As the bus drove through 42nd Street, I noticed a crumbling old window of a theater. It was then that I became curious and interested in the theaters of 42nd Street. Ever since that day, I have been making paintings that use 42nd Street theater interiors and exteriors, as well as other establishments in Times Square.

However, these days, I am very angry and sad because more and more of 42nd Street and Times Square's beautiful theaters and buildings are being demolished.

The theaters of 42nd Street are very special to me. I was inside almost all of them. I saw them with my own eyes. The beautiful interiors, still intact for so many years, destroyed right before my eyes. I went to 42nd Street every day and saw the interiors, exteriors, boxes, and balconies smashed to bits, along with the mountains of mangles red seats.

I have documented this both in my paintings and on video.
Since 1994, my paintings have evolved from images of theater interiors with silent films on the screen, to film characters moving freely in the spaces, such as hotels and theaters.

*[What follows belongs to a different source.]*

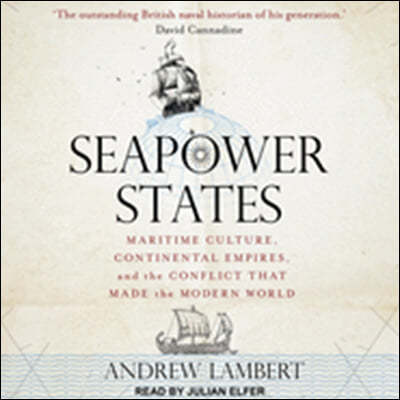 Seapower States: Maritime Culture, Continental Empires, and the Conflict That Made the Modern World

I have used characters from silent films such as Lillian Gish, as well as stars like James Cagney and Humphrey Bogart.

These days, the characters portray a true feeling of an unsettling loneliness, an uneasy setting, that does not get resolved any time soon. I try to capture the feeling of immense loneliness of the city. I feel that I am preserving what I saw in my work.

Prior to working on a painting, I do countless hours of research on the theater, the film, and other historical information.

Every time I begin, I feel that there is something new. Something that I have yet to discover.